**Task directions**.
All lines of the records below that contain the word "free" must be listed.

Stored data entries
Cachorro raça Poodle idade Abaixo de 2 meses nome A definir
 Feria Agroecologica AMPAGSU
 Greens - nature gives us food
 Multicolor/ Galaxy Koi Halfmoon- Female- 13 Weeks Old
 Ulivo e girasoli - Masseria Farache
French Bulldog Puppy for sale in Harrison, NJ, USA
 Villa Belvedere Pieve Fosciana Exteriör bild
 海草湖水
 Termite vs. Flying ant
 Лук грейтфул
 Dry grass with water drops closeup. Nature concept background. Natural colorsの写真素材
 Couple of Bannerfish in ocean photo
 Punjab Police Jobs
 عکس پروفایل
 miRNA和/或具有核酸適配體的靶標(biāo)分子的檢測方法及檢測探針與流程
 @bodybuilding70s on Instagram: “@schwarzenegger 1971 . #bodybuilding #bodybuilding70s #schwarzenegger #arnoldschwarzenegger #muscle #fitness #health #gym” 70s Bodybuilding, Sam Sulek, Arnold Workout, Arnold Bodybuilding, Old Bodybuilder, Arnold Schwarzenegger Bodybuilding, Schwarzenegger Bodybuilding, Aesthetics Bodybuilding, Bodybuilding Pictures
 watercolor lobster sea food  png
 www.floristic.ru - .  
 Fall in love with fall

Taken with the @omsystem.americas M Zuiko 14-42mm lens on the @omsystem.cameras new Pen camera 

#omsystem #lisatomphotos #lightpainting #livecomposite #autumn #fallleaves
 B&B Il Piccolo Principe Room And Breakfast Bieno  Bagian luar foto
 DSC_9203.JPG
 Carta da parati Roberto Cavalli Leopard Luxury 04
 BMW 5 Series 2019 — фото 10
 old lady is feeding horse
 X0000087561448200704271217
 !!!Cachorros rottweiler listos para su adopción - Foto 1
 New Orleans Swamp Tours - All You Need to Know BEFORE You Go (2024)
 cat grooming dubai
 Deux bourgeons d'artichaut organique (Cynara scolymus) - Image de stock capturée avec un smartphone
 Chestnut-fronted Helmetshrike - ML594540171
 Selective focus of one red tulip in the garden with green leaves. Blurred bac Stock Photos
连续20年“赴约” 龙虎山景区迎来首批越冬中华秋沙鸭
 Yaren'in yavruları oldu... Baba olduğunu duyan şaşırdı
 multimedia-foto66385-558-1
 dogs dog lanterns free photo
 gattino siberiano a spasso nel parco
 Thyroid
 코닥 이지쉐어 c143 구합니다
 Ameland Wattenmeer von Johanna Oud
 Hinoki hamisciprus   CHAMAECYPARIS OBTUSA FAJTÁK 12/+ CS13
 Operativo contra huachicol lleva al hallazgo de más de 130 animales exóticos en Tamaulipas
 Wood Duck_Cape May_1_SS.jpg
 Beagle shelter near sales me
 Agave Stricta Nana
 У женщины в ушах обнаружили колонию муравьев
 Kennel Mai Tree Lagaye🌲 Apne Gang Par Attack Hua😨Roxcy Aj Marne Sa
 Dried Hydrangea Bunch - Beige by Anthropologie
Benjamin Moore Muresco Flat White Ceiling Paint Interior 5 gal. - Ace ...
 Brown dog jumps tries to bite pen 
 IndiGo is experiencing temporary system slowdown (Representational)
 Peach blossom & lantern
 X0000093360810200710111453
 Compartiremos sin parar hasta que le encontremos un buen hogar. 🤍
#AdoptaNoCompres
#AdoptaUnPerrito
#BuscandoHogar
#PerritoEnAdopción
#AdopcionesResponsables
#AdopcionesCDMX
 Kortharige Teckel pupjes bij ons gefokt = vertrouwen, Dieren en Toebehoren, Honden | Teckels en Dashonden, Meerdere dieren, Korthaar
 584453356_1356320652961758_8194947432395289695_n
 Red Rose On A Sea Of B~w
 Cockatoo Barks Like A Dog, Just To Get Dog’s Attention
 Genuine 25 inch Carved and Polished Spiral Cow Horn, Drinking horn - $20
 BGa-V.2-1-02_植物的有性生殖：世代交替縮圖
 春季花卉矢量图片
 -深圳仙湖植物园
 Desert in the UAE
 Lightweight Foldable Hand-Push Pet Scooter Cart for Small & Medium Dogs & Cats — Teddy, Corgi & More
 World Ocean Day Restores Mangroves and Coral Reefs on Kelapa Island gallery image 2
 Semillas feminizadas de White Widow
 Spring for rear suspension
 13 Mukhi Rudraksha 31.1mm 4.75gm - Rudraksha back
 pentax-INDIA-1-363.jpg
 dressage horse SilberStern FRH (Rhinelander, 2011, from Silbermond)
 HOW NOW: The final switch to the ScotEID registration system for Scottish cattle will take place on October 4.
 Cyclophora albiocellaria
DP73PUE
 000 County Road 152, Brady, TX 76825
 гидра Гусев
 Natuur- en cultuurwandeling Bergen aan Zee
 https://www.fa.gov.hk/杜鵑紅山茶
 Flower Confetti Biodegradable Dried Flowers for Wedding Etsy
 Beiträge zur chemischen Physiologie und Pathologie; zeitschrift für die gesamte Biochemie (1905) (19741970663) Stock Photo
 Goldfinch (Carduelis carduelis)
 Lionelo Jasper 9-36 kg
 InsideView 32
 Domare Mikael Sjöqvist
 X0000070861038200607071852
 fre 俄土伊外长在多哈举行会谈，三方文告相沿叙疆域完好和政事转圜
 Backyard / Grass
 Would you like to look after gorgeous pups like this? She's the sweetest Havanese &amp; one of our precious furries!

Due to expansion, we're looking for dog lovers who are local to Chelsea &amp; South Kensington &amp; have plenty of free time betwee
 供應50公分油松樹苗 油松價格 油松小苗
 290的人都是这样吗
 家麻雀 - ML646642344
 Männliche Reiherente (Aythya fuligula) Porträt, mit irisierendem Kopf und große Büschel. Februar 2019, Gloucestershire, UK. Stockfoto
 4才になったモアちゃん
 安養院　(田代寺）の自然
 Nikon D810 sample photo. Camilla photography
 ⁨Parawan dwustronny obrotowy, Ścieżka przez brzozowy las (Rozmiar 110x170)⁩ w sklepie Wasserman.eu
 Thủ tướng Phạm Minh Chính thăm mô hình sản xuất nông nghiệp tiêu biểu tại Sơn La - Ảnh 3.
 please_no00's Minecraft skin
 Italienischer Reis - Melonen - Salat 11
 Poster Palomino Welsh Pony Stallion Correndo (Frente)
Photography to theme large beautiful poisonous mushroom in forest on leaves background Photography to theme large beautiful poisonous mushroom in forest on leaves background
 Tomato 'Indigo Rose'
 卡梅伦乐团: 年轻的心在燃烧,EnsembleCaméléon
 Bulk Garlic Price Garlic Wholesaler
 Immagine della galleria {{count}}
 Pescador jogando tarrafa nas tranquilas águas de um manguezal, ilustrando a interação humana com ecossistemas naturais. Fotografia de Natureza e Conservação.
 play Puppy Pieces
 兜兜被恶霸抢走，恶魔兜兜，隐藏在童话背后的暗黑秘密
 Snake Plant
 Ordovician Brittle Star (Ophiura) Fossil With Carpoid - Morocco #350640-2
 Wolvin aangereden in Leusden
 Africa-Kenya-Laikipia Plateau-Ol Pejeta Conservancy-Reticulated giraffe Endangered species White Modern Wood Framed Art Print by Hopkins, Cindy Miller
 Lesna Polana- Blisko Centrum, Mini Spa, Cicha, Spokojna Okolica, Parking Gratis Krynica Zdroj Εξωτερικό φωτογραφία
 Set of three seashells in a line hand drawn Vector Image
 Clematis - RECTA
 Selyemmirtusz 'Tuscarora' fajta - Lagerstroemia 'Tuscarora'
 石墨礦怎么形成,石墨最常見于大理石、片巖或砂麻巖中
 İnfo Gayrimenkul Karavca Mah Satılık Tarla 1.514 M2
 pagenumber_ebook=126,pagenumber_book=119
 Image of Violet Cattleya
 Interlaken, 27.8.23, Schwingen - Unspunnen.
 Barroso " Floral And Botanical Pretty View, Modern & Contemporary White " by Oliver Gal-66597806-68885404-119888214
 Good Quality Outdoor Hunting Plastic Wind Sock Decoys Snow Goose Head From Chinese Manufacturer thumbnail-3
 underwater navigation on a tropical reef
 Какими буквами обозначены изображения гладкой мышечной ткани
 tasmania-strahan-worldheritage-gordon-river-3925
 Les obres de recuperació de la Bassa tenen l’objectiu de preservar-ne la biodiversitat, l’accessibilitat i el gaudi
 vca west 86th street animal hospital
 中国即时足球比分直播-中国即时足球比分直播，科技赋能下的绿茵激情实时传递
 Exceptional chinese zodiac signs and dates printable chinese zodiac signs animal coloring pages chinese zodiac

**Exercise solution**.
 dogs dog lanterns free photo
Due to expansion, we're looking for dog lovers who are local to Chelsea &amp; South Kensington &amp; have plenty of free time betwee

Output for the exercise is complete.